Dawson said she was relieved when Shepherd left the district, following significant controversy, but disappointed that she had not authorized a special inquiry before she left.
CRIMINAL INQUIRY MAKES SENSE
She said the committee hung back on the issue for a time but was motivated to move ahead when Monterey Herald reporter Claudia Melendez Salinas wrote about the delays and cost overrun in January 2014. While the school board was going through the process that would lead to Diffenbaugh’s hiring, the committee sent a follow-up letter to the interim superintendent. He obtained board approval and the special committee inquiry began in April 2014.
Dawson said she was not surprised when she saw news accounts about Harris’ legal troubles in Fresno and Bradley’s SEC problems.
“We always suspected it could be something like this,” she said.
Harris installed air conditioning and heating systems at the district offices and in several schools under the lease-leaseback system, which the courts have now ruled to be an illegal device intended to circumvent the competitive bidding process.

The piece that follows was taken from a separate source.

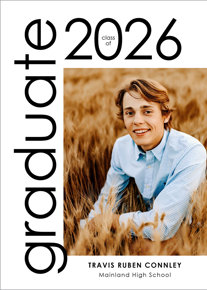 prod_vertical_5x7Front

In Fresno, where an FBI investigation appears to be in full swing, the school district hired Harris Construction to build a new middle school. It then leased the property to Harris, putting the company instead of the district in charge of the project and enabling it to hire and manage subcontractors however it chose. Fresno blogger Mark Arax reported that Bradley, on behalf of the Fresno district, essentially promised construction contracts to Harris Construction in exchange for help financing the bond measure election campaign, which could amount to the type of quid pro quo that leads to bribery charges. Harris and several other firms involved in both the Fresno and Monterey bond measures also contributed to the Measure P campaign.
In Monterey and elsewhere, the lease-leaseback process was altered because schools were being renovated rather than built yet the properties were still technically leased to the contractor and various steps in the normal bidding process were eliminated.
An appeals court in Fresno ruled the practice illegal and the state Supreme Court let that opinion stand. The lawsuit that resulted in those rulings continues and, unfortunately for the Fresno district, the contract it signed with Harris requires the district to pay Harris’ legal fees in addition to its own. At least some of the Harris contracts with MPUSD contain the same provision.